Координатор отвечает за создание сессии с агентом и обмен информацией по вопросам сравнительного анализа. Это помогает агенту эффективно решать задачи, вызывая серию документированных API (таких как получение журналов, метрик и т. Д.). Координатор также может работать от имени агента, таких как расширение или перераспределение услуг, гарантируя, что агент может работать плавно в фактической среде.
Сервисный модуль может адаптироваться к различным средам реальных облачных сервисов, таких как микросервисы, без серверов и однополучия. AIOPSLAB также использует набор приложений с открытым исходным кодом DeathStarbench, предоставляя исследователям инструмент для воспроизведения и изучения производственных событий в контролируемой среде. Кроме того, благодаря интеграции таких инструментов, как Blueprint, AIOPSLAB также может быть распространен на другие академические и производственные услуги, что позволяет быстро развернуть новые варианты.
Генераторы рабочей нагрузки играют важную роль в AIOPSLAB и отвечают за создание моделирования сценариев нормального и сбоя для проверки производительности агентов в различных условиях. Он генерирует соответствующие рабочие нагрузки в соответствии со спецификациями координатора, помогая пользователям тестировать в различных ситуациях.
Генератор неисправностей является инновационной особенностью AIOPSLAB, которая обеспечивает мелкозернистую инъекцию разлома в различных облачных сценариях. Эта функция может имитировать весь процесс сложных сбоев и рассмотреть взаимозависимость между микросервисами, предоставляя пользователям комплексные возможности тестирования и оценки.

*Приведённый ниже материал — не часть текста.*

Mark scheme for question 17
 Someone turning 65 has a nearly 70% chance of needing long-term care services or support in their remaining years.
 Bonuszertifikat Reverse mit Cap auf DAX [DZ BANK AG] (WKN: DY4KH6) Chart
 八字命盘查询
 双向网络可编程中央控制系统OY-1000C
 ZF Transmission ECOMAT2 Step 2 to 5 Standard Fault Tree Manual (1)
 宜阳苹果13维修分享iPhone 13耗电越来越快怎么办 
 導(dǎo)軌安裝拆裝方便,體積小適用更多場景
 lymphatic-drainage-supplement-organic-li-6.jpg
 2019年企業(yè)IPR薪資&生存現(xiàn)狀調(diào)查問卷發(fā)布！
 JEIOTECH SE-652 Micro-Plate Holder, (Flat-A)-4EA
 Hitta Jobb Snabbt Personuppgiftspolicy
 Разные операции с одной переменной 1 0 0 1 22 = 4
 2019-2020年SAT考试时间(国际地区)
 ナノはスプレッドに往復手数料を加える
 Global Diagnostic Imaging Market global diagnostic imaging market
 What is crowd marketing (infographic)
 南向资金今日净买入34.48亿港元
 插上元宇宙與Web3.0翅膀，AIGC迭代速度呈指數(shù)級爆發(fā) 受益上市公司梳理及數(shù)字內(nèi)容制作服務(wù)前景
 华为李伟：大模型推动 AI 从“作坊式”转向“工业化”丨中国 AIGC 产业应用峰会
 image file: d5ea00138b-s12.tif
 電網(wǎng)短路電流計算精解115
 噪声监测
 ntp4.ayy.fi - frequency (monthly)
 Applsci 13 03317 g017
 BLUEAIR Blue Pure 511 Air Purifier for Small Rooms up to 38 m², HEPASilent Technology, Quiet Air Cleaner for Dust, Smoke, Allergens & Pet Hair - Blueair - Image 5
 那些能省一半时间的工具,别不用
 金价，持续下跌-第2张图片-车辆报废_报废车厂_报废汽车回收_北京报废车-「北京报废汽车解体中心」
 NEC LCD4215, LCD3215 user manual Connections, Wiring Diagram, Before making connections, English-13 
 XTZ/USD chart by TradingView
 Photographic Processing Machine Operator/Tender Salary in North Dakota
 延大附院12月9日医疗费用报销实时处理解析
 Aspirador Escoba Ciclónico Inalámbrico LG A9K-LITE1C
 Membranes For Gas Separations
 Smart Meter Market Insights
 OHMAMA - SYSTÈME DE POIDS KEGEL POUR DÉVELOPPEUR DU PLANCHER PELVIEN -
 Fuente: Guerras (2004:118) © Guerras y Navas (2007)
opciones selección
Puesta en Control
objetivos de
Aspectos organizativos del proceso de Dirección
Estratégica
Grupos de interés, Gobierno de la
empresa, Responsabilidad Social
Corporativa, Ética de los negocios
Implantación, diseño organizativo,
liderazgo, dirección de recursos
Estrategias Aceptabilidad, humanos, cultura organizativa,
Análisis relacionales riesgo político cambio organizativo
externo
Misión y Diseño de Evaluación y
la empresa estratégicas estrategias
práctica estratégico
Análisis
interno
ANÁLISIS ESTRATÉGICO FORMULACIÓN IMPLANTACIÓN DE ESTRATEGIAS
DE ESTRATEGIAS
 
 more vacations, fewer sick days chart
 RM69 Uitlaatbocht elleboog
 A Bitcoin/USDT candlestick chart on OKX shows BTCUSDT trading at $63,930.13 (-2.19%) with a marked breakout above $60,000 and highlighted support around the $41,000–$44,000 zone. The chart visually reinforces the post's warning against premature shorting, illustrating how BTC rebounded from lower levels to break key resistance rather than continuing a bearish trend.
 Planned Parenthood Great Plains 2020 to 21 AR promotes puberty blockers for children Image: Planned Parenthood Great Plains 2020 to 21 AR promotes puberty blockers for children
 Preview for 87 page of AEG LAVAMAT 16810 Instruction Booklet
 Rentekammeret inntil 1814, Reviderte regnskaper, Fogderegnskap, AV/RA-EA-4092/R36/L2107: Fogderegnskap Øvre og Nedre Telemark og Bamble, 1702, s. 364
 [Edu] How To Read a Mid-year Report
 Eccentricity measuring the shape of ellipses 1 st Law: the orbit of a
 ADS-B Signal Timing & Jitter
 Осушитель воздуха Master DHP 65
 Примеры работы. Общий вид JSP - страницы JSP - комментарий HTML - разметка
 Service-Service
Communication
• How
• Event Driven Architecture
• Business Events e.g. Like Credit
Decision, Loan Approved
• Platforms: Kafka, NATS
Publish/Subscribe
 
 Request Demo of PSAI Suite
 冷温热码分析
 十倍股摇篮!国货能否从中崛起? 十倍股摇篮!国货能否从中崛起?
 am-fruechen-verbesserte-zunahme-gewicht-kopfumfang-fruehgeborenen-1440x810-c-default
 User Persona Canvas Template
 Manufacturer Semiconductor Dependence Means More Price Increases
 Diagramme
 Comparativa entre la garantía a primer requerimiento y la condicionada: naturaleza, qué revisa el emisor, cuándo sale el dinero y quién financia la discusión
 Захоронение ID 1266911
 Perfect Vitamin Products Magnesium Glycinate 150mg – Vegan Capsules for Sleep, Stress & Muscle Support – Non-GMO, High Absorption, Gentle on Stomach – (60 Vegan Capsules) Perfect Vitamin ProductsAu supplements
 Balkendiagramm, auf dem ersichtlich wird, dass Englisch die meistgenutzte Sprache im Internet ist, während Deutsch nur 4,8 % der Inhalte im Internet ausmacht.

Наконец, функция наблюдения объединяет несколько инструментов мониторинга для улучшения комплексных возможностей мониторинга AIOPSLAB, обеспечивая, чтобы пользователи могли получить индивидуальную систему информации для эффективного управления в случае возможной перегрузки данных.
Адрес с открытым исходным кодом: https://github.com/microsoft/aiopslab/?tab=readme-ov-file
Очки:
Microsoft и Universities совместно с открытым исходным кодом AIOPSLAB, стремясь улучшить возможности автоматизации и обслуживания облачных сервисов.
AIOPSLAB поддерживает несколько среде облачных сервисов через пять основных компонентов: координатор, сервис, генератор рабочей нагрузки, генератор неисправностей и наблюдение.
Функции наблюдения интегрируют несколько инструментов мониторинга, чтобы убедиться, что пользователи получают эффективную системную информацию и возможности мониторинга.
Открытый исходный код AIOPSLAB предоставляет новые возможности для повышения эффективности работы и технического обслуживания в облачной области. Мы с нетерпением ждем новых разработчиков, участвующих в нем, и совместно улучшать и развивать этот проект.